Alcuni produttori hanno dato un tocco di fresca contemporaneità alla tradizione, senza però trascurare l’importanza dei trattamenti biologici e sostenibili.

La famiglia Borraccino di Oilalà
Spiros Borraccino e suo fratello hanno creato il nome Oilalà rielaborando la parola francese “olalà”, che significa stupore e meraviglia. Hanno utilizzato una bottiglia solitamente dedicata ai distillati con una grafica accattivante e innovativa che cambia ogni anno. “Abbiamo 10 ettari di oliveti sulla costa adriatica della Puglia ereditati dai nostri nonni”, ha detto Borraccino. “Siamo felici e orgogliosi di questo premio. Dallo scorso anno non abbiamo potuto partecipare a causa del raccolto scarso, quindi siamo davvero contenti dell’obiettivo raggiunto quest’anno. La nostra produzione è rivolta principalmente ai mercati esteri e questo premio consolida la nostra reputazione”. Dopo la precedente raccolta, hanno iniziato a monitorare con molta più attenzione, quasi settimanalmente, la presenza della mosca. Solo una settimana a luglio li ha fatti temere l’arrivo della mosca, ma alla fine è andato tutto bene.
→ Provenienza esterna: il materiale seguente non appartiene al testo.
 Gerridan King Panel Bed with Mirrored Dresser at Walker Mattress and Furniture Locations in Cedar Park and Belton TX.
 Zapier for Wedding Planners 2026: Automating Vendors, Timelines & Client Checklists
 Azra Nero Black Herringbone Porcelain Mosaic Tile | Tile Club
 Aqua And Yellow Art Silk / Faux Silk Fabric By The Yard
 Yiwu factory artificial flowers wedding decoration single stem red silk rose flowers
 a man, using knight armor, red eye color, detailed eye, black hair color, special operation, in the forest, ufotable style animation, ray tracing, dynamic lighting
Oilalà utilizza prodotti biologici, sebbene non sia certificata come biologica, e non ricorre a trattamenti chimici quando non è necessario.
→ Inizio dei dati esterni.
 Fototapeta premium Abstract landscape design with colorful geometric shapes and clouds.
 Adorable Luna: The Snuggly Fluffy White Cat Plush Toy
La famiglia Agostini di Sublimis
“È la prima volta che partecipiamo al NYIOOC e siamo molto contenti di questo premio e del prestigio che ci conferisce a livello internazionale, dato che negli ultimi due anni siamo presenti sul mercato statunitense”, ha dichiarato Alfredo Agostini, vincitore di un Gold Award con Sublimis, che proviene da un oliveto situato a 350 metri sul livello del mare nella regione Marche. “Durante la raccolta del 2014, abbiamo registrato un calo del 50% in termini di quantità. Quest’anno abbiamo effettuato trattamenti preventivi naturali a base di rame per la produzione convenzionale, poiché preferiamo evitare i prodotti chimici. Ma le olive erano così sane che non sono stati necessari ulteriori trattamenti e questo ha dato ottimi risultati.”
Costantino Russo, proprietario insieme alla sorella Rosa Russo di un’azienda agricola vicino a Sorrento dove producono L’Arcangelo, dal nome del padre, senza il quale sarebbe impossibile produrre il loro olio extravergine di oliva, ha rivelato Costantino. “Il Gold Award è un importante riconoscimento del nostro impegno. I nostri oliveti, in parte secolari, crescono a 250 metri sul livello del mare in un terroir calcareo-argilloso.” Ha preso in prestito dal mondo del vino un sistema di selezione meticolosa delle olive su un tavolo di cernita. L’anno scorso hanno ottenuto solo il 20% della produzione abituale. «Per far fronte a eventuali attacchi abbiamo monitorato costantemente la mosca. Anche se non siamo certificati come biologici, utilizziamo prodotti biologici come rame e calce, li spargiamo ogni 3 settimane ed effettuiamo la raccolta anticipata in ottobre. Ci tengo molto a questo premio poiché è prestigioso ed è il concorso più importante per l’olio extravergine di oliva».